Mao-suited officials, blown out with self-importance, encourage hand-clapping and flag-waving as the woman is bundled on stage by police and made to face an audience of Pioneer schoolchildren and townsfolk. If Gu Shan is aware of her eroded human status, she is not allowed to show it, as her vocal cords have been severed. Amid jeers she is hurried to a waiting police van, and driven to her death. Over the following six weeks, 80 or so Muddy River citizens stage a protest. All Gu Shan had done was let slip a few ill-advised remarks about Mao in a letter to a boyfriend, who denounced her. Clutching symbolic white flowers, they queue up to sign a petition calling for her posthumous "rehabilitation". Shortly afterwards, they are rounded up by investigators sent in from Beijing, and "purged" (imprisoned or tortured).

The novel is based on a true story which took place in China two years after Mao's death. The winds of change are blowing through the provinces, yet neighbours are still not to be trusted. Gu Shan's father, a former teacher, is unable to accept what his daughter has done, while her mother is devastated. Other citizens caught up in the "anti-government unrest" include Nini, a young girl with a disability, her 19-year-old suitor Bashi, and beautiful Kai, a newsreader married to a Party official.

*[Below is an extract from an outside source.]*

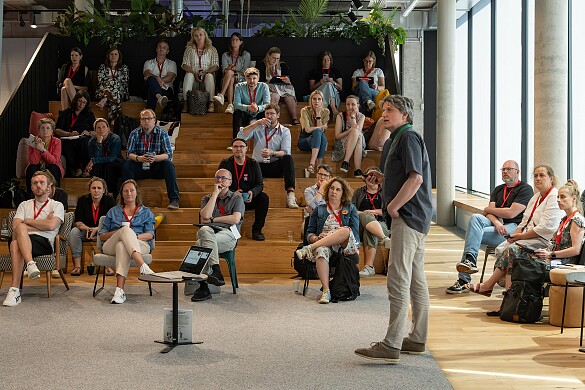 Ca. 30 Personen auf einer Tribüne hören gespannt einem Vortrag eines Referenten zu.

Yiyun Li explores these ordinary lives with great sensitivity. Fearing guilt by association, children distance themselves from their parents, or report them to the police. Street-sweepers, factory hands and other "vagrants" are all affected by the execution, a minority exposed as "hidden enemies" within the Party. The Vagrants asks if there was something innately obedient in the Chinese character under 1970s communism. The Red Guard had brooked no criticism of the red leader; "problem citizens" were shut up in reformatories or beaten to death. Even Shan herself, in the days before her political conversion, had been a Red Guard. Yet look at her now, buried in a pauper's grave. Her blighted political life (in Maoist speak, "spoiled biography") had ill-conformed to the communist stereotype of the happy golden youth.

With its controlled understatement and scrupulous and unsparing lucidity, The Vagrants is a work of great moral poise and dignity. These days, few writers can be said to possess gravitas; yet Yiyun Li exudes a seriousness that would be remarkable in one twice her age. As a chronicle of political betrayal under a modern dictatorship, The Vagrants is a minor classic; I have not read such a compelling work in years.